Residents there wish to maintain the semi-rural nature of the area. They like the current infrastructure with lots of two-lane roads, small shopping centers, and open spaces for families to enjoy. Unfortunately, the newly elected leaders in Cobb County are targeting the area for industrial parks and high-density, low-income housing, right in line with President Biden’s drive to destroy the suburbs. Residents do not want the congestion or the massive projects required to accommodate the county’s plans.

Eastern Oregon is petitioning to join Idaho. There has been noise for years that southern Illinois would like to become part of Indiana. And I have to say, if Georgians are stupid enough to elect Stacey Abrams as governor in 2022, there may be a petition for North Georgia to join Tennessee. Abrams would do a fine job of destroying the state with the same progressive policies that Bottoms has employed to run Atlanta into the ground.

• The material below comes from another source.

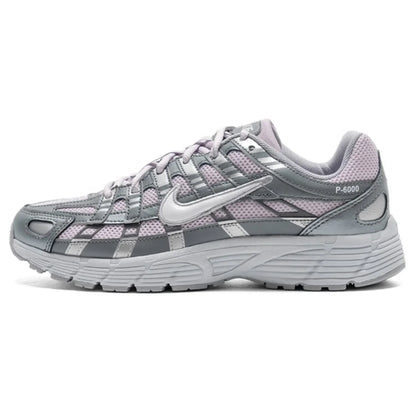 Nike's New Durable, Wear-Resistant, Cushioning, and Rebounding Everyday P-6000 Series Comfortable and Lightweight Low-Top Sports Running Shoes HV5064-500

The two initiatives in Georgia are not partisan or racially motivated. Neither is the Oregon petition. Instead, there is a broad coalition of people in America who do not want to be governed to death or live under a government that can’t keep them safe. The sooner this coalition of Americans understands that a progressive government searching for equity will not keep you safe and wants to govern every area of your life, the sooner we can kill that project once again. It seems to be something we need to do every 70 years or so.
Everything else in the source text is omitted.